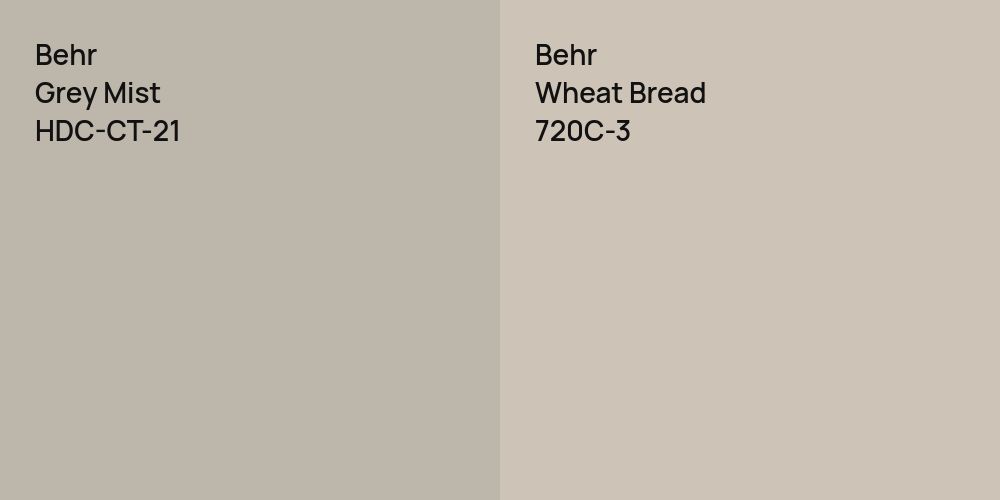 Behr Grey Mist vs. Behr Wheat Bread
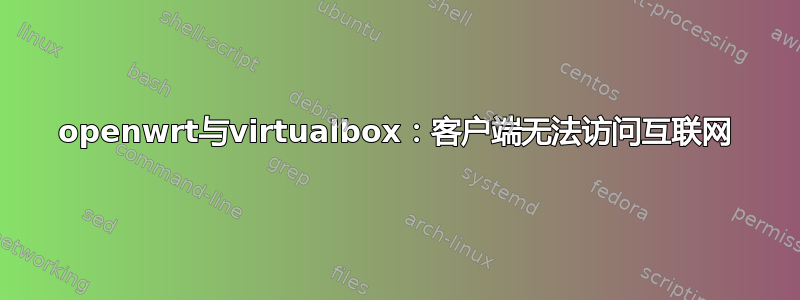 openwrt与virtualbox：客户端无法访问互联网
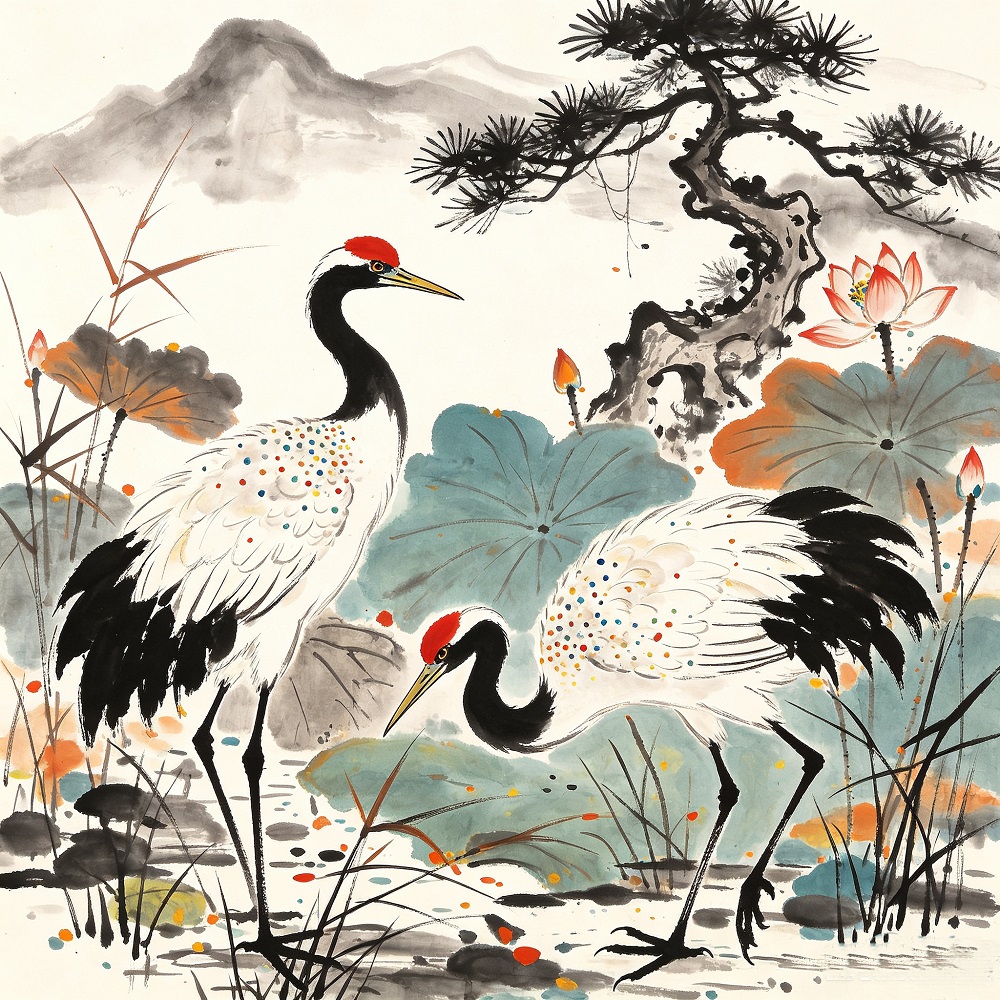 Chinese Style Ink Wash Canvas Wall Art, 40×40cm Kids Square Decor Print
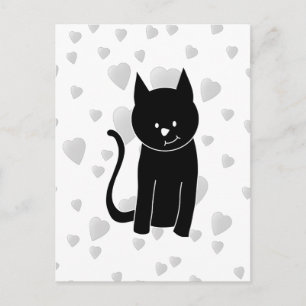 Postal Gato negro lindo con corazones.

→ **REQUIRED WORK**
Copy the whole listing above word for word but do not carry over the pictures.

→ **SOLUTION FOR THIS EXERCISE**
 Behr Grey Mist vs. Behr Wheat Bread
 openwrt与virtualbox：客户端无法访问互联网
 Chinese Style Ink Wash Canvas Wall Art, 40×40cm Kids Square Decor Print
 Postal Gato negro lindo con corazones.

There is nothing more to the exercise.